I disagree with Greenberg’s assertion that moral necessity is a basis upon which to assert there must be a god, or a world to come; this brings to mind the adage that starts off, “If wishes were horses.” Greenberg’s essay accepts the idea of “a self-critical humanism springing out of the Holocaust [that] says no to the demons of Auschwitz,” though I think he views it as a sad second option, perhaps only slightly better than the “death of God” and “secular man” [secular city?] visions of the late 1950s and early 1960s which he asserts “collaborat[e] with these demons.” (Greenberg’s point, better stated, is that those who perpetrated the Holocaust in the name of humanity were not really humanists, because the perpetrators did not put humanity in its proper context in nature nor demonstrate understanding or regard for the value of each person and each person’s dignity, without regard to nation of origin.) Secular Humanistic Judaism takes neither of the approaches Greenberg condemns.
Thus, I acknowledge that I tread on difficult ground. There is the need to make credible statements. But there is also the broad array of reactions of those who survived: Frankl’s work has demonstrated much staying power, as has the work of Primo Levi, Jean Amery, and others. Yet Levi, Amery, and others also committed suicide, despite knowing that the world would go on (which is, after all, the factual proposition that Scheffler says gives value to our efforts).
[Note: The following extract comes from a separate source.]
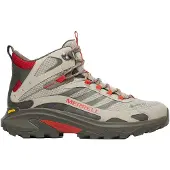 Merrell Wanderschuh "MOAB SPEED 2 MID GORE-TEX", Herren, Gr. 44,5, beige (diorite, ember), Synthetik, Schuhe Wanderschuh, wasserdicht dank Gore-Tex Membrane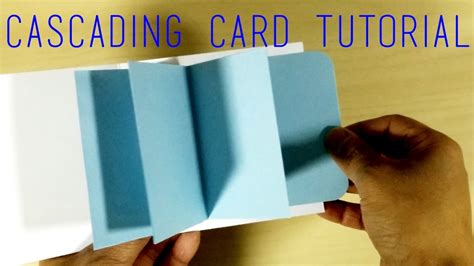 DIY Template Easy Waterfall Card Tutorial YouTube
But it is precisely because we have the work of those who themselves faced the tremendum, as Rabbi Arthur Cohen called it, that we have some ability to understand what happens to how humans value their activities in the face of an apparently-certain end.
With all that in mind, I want to turn back to Viktor Frankl. More than half of his book, Man’s Search for Meaning, is autobiography/reflective memoir of Frankl’s time as a camp inmate. (I’m going to quote from the book, but I only have the Amazon Kindle version, and citation is a huge hassle. So…no page numbers. Sorry.)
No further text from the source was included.